The aim of this tutorial is to show how to set up and run a parallel loop over 16 cores on Froggy. I suppose here that you have an active PERSEUS account and you have already correctly set up all ssh connections to connect to Froggy cluster. If not please follow instructions given on accessing to cluster CIMENT wiki page.
Because of the architecture of Froggy and the way that R parallel library is implemented, it is really easy to use all resources shared by a computing node (note: on Froggy, 1 node = 2 cpus = 16 cores). Build a script that intent to use more resources overcome the purpose of this tutorial.
To make this example easy to follow and execute please download and uncompress the associated archive file : Frog_R_parallel_test.zip
Here is a simple R script that execute a function X times in parallel. The function used here is just a vector shuffling but can be anything-else. Our script will take 3 arguments as input parameters (see below) and will produce a .txt file containing a matrix of randomized vectors as output. Here the code :
## get parameters given
## params are here :
## - a link to a file to shuffle (a numerical vector)
## - the number of randomisation you want to procced
## - the name of output .csv
## get all parameters
args <- commandArgs(trailingOnly=TRUE)
file_in <- as.character(args[1])
nb_rand <- as.numeric(args[2])
file_out <- as.character(args[3])
## read vector from input file
vect_in <- read.table(file_in)
vect_in <- as.numeric(vect_in) ## ensure vector format
## the function we want to run in parallel
shuffle_vector <- function( id, ## the id of the sampling
v ## the vector to sample
){
cat("\n> do", id, "e shuffling")
return ( sample(v) )
}
## load packages and define parallel computation params
library(parallel)
## define the nuber of cores required
numWorkers <- detectCores(all.tests = FALSE,
logical = FALSE) ## here number of available cores
## is automatically recover
## but it can be done by hand
## e.g. numWorkers <- 4
cat("nb of required cores = ", numWorkers)
## run the function in parallel
shuffle_vects <- mclapply( 1:nb_rand,
shuffle_vector,
v = vect_in,
mc.cores = numWorkers )
## because the output is a list it is sometimes usefull to convert results
## here we will stack all results in a numerical matrix
shuffle_vects <- matrix( unlist(shuffle_vects ),
nrow=nb_rand,
byrow = T,
dimnames = list( paste("rand_", 1:nb_rand, sep=""),
NULL))
## here we have a matrix with 100 rows corresponding to our 100 shufling
head(shuffle_vects)
## save the produce matrix on hard drive
write.table(shuffle_vects,
file = file_out,
append = F,
row.names = TRUE,
col.names = FALSE)
## exit R properly
quit('no')
This code is saved within simple_vector_shuffling.R
Because Froggy is a collaborative cluster and to try to optimize resources consuming and sharing, it is FORBIDDEN TO RUN JOBS DIRECTLY on CIMENT clusters.
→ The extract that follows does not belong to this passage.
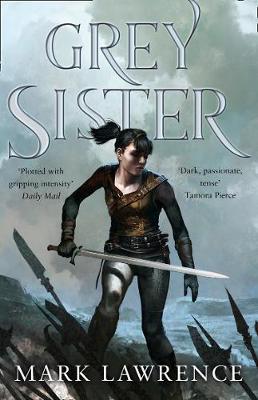 Grey Sister by Mark Lawrence image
All jobs have to be submitted via OAR, a queuing job software. Interested users can refer to CIMENT OAR tutorial to benefit from all OAR functionalities. OAR files are in fact bash scripts containing some OAR instructions. OAR instructions have to be declare after #OAR
flag. All common bash scripting command should be invoked. Here is exposed a quite simple OAR script skeleton we will use to run our R script. This script is adapted to Froggy cluster. The full script is store in simple_vector_shuffling.oar.
Here is described line by line our .oar file.
Because it is a bash file, the first line must be:
#!/bin/bash
Then come the OAR instructions.
#OAR -n simple_vector_shuffling_on_froggy
#OAR --project teembio
#OAR -l cpu=2,walltime=00:01:00
#OAR -O log_vector_shufling.%jobid%.stdout
#OAR -E log_vector_shufling.%jobid%.stderr
Here a brief description of this options meaning :
-n
: the name of oar campaign--project
: the name of project you are belonging to-l
: the required resources (here 2 cpus (i.e. 16 cores) during 1 minute)-O
and -E
: the name of log files produce by jobs. -O
for console outputs and -E
for console errors. This files will be useful in debugging code procedure.note : An id will be associated to each oar job. The flag %jobid%
is a wrapper to get this id.
note : If your job exceed the walltime
it will be automatically killed. The walltime
correspond to the maximal time all required cores are reserved.
Then we can defined some bash scripting options, make some prints,…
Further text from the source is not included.